(Source data)
————————
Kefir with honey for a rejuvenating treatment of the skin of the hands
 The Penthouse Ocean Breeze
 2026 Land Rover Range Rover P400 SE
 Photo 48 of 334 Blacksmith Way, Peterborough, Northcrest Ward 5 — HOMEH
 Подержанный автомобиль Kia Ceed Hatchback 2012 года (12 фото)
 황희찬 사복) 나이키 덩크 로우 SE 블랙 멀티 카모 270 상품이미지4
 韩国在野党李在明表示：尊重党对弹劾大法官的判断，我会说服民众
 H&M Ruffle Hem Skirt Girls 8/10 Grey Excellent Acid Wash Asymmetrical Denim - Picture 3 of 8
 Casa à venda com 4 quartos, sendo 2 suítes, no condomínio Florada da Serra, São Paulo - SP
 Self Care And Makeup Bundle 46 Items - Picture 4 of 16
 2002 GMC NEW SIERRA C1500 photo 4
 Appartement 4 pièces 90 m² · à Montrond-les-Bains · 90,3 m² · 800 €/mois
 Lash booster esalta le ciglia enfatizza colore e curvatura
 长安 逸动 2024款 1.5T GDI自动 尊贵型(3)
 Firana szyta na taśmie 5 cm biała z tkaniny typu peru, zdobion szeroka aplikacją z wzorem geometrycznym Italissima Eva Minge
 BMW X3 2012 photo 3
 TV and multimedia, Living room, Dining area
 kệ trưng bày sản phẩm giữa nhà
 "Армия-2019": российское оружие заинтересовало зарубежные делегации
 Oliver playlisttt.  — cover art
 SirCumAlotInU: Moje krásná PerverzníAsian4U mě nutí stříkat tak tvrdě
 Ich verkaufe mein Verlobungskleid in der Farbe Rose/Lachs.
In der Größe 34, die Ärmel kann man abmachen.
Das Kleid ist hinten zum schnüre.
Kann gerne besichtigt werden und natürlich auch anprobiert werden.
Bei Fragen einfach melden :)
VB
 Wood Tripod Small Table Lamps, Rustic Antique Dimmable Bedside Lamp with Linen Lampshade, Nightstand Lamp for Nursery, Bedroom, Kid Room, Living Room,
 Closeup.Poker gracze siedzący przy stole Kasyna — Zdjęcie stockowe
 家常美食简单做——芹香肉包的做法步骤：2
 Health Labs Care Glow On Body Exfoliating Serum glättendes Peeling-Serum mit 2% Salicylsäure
————————
**Required work**
The response should be an exact copy of all the records above.

**Written solution**
Kefir with honey for a rejuvenating treatment of the skin of the hands
 The Penthouse Ocean Breeze
 2026 Land Rover Range Rover P400 SE
 Photo 48 of 334 Blacksmith Way, Peterborough, Northcrest Ward 5 — HOMEH
 Подержанный автомобиль Kia Ceed Hatchback 2012 года (12 фото)
 황희찬 사복) 나이키 덩크 로우 SE 블랙 멀티 카모 270 상품이미지4
 韩国在野党李在明表示：尊重党对弹劾大法官的判断，我会说服民众
 H&M Ruffle Hem Skirt Girls 8/10 Grey Excellent Acid Wash Asymmetrical Denim - Picture 3 of 8
 Casa à venda com 4 quartos, sendo 2 suítes, no condomínio Florada da Serra, São Paulo - SP
 Self Care And Makeup Bundle 46 Items - Picture 4 of 16
 2002 GMC NEW SIERRA C1500 photo 4
 Appartement 4 pièces 90 m² · à Montrond-les-Bains · 90,3 m² · 800 €/mois
 Lash booster esalta le ciglia enfatizza colore e curvatura
 长安 逸动 2024款 1.5T GDI自动 尊贵型(3)
 Firana szyta na taśmie 5 cm biała z tkaniny typu peru, zdobion szeroka aplikacją z wzorem geometrycznym Italissima Eva Minge
 BMW X3 2012 photo 3
 TV and multimedia, Living room, Dining area
 kệ trưng bày sản phẩm giữa nhà
 "Армия-2019": российское оружие заинтересовало зарубежные делегации
 Oliver playlisttt.  — cover art
 SirCumAlotInU: Moje krásná PerverzníAsian4U mě nutí stříkat tak tvrdě
 Ich verkaufe mein Verlobungskleid in der Farbe Rose/Lachs.
In der Größe 34, die Ärmel kann man abmachen.
Das Kleid ist hinten zum schnüre.
Kann gerne besichtigt werden und natürlich auch anprobiert werden.
Bei Fragen einfach melden :)
VB
 Wood Tripod Small Table Lamps, Rustic Antique Dimmable Bedside Lamp with Linen Lampshade, Nightstand Lamp for Nursery, Bedroom, Kid Room, Living Room,
 Closeup.Poker gracze siedzący przy stole Kasyna — Zdjęcie stockowe
 家常美食简单做——芹香肉包的做法步骤：2
 Health Labs Care Glow On Body Exfoliating Serum glättendes Peeling-Serum mit 2% Salicylsäure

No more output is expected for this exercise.